**Data**
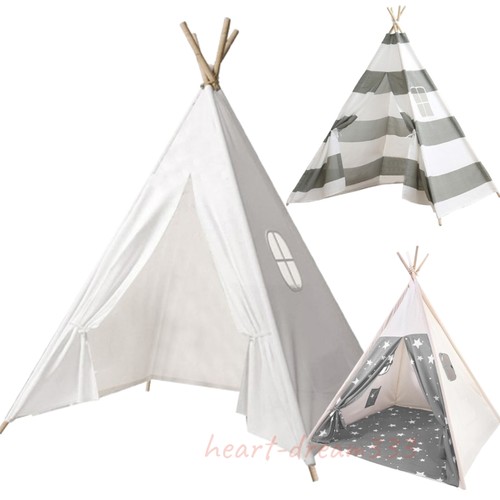 Large canvas kids teepee star - canvas,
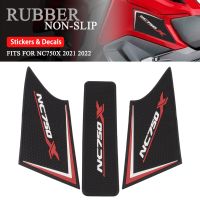 Fit For Honda NC750 NC 750 X NC750X 2021 2022 2023 Motorcycle Sticker Rubber Tank Pad Protector Side Anti Slip Protection Decals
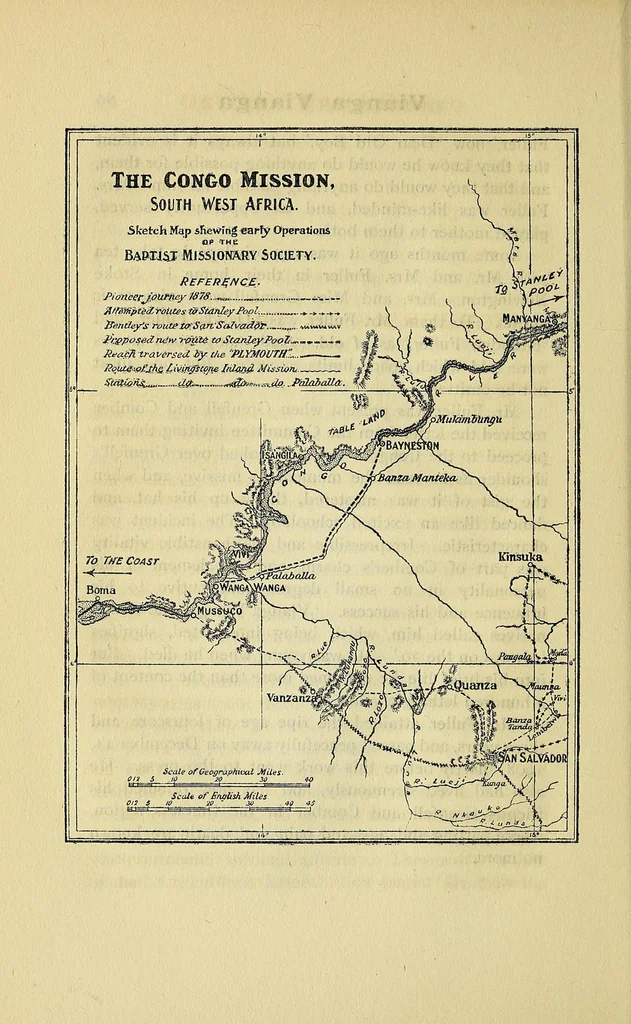 An illustration from The life of George Grenfell : Congo missionary and explorer, 1909, leaf 132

**Work instruction**
In the listing, find the line containing "Fit For Honda" and repeat it and every later line through the last one, word for word, excluding the pictures.

**Solution to this problem**
 Fit For Honda NC750 NC 750 X NC750X 2021 2022 2023 Motorcycle Sticker Rubber Tank Pad Protector Side Anti Slip Protection Decals
 An illustration from The life of George Grenfell : Congo missionary and explorer, 1909, leaf 132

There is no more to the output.